MUHAMMADIYAH.OR.ID, YOGYAKARTA — Sejak era 1980-an, seiring dengan gelombang modernisasi pada masa Orde Baru, muncul kebutuhan dan semangat pencaharian menuju spiritualitas dalam kalangan menengah ke atas. Fenomena ini, sebagaimana disampaikan oleh Wakil Ketua Majelis Tarjih dan Tajdid PP Muhammadiyah, Sopa, mencerminkan pergeseran nilai dan kebutuhan akan dimensi rohaniah dalam kehidupan sehari-hari.
Djarnawi Hadikusomo, seperti terungkap dalam Suara Muhammadiyah No. 5 Maret 1980, mengungkapkan keprihatinannya terhadap persoalan spiritualitas di tubuh Muhammadiyah. Ia menyoroti penipisan jiwa keagamaan, hilangnya kesadaran spiritual, dan godaan mudah terhadap dunia materi. Pada tahun 1995, Haedar Nashir, kutip Sopa, juga menyoroti masalah ini dalam konteks “Muhammadiyah dan Rekonstruksi Spiritualitas Islam dalam Kehidupan Modern,” dengan mencatat minat tumbuh terhadap tasawwuf di kalangan urban dan kaum terpelajar.
“Persoalannya, warga Muhammadiyah sangat menghindari mistisisme yang mengandung keyakinan-keyakinan yang dipandang asing dari Islam, seperti wahdatul wujud,” terang Sopa dalam Pengajian Tarjih pada Rabu (11/01).
Sejak tahun 1980-an hingga 1990-an, diskusi mengenai tajdid dan autokritik terhadap kondisi persyarikatan, menurut Sopa terus mengemuka.
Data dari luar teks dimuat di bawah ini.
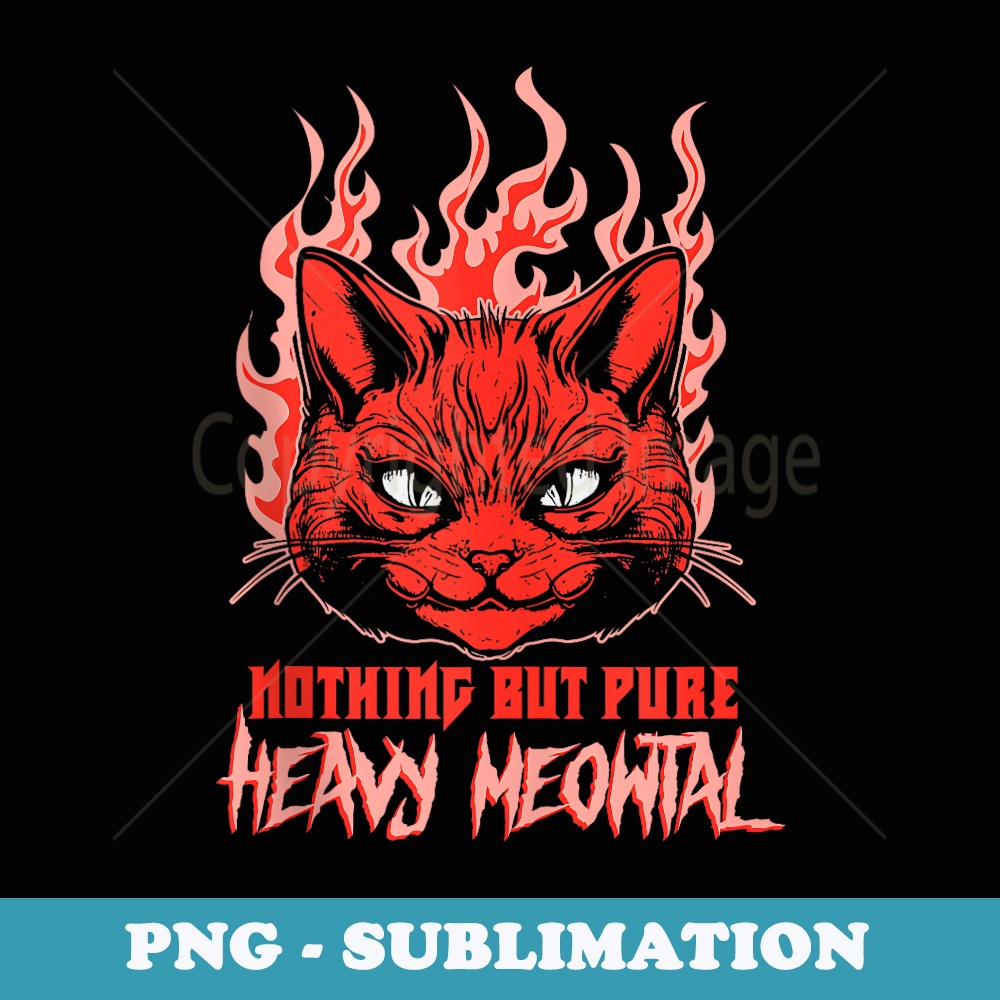 Music Heavy Meowtal Cat - Sublimation Digital Download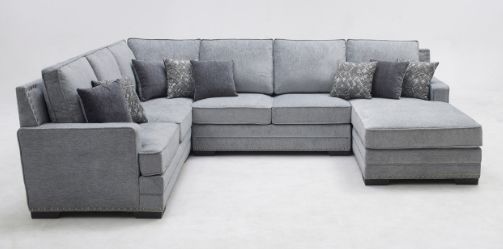 Milton Greens Stars 3-Piece Light Gray U-Shaped Right Hand Facing Sectional and Chaise-3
Perkembangan pemikiran keagamaan yang datang dari luar negeri maupun revitalisasi pemikiran di dalam negeri menarik minat warga Muhammadiyah. Kondisi ini membuat warga Muhammadiyah kadang merasa menemukan oase keagamaannya di sana. Karenanya pemenuhan spiritual yang berasal dari tasawwuf dianggap penting dalam menghadapi tantangan modernitas.
Pada tahun 2000, Musyawarah Nasional Tarjih ke-25 di Jakarta akhirnya menghasilkan penyempurnaan rumusan berijtihad di Muhammadiyah dengan menggunakan pendekatan “bayani, burhani, dan irfani,” yang menjadi pilar Manhaj Muhammadiyah.
Pendekatan bayani mengacu pada respons terhadap permasalahan dengan berlandaskan nash-nash syariah, sementara pendekatan burhani melibatkan ilmu pengetahuan umum untuk menanggapi beragam persoalan. Pendekatan irfani menekankan peningkatan kepekaan nurani dan intuisi batin melalui pembersihan jiwa.
Mengutip pandangan Haedar Nashir, Ketua Umum Pimpinan Pusat Muhammadiyah, Sopa menegaskan pentingnya warga Muhammadiyah memegang teguh ketiga pendekatan tersebut sebagai Manhaj Muhammadiyah. Kesatuan tiga pendekatan tersebut, yakni bayani, burhani, dan irfani, menjadi ciri khas Muhammadiyah dalam menjawab tantangan dan kebutuhan spiritualitas di era modern ini.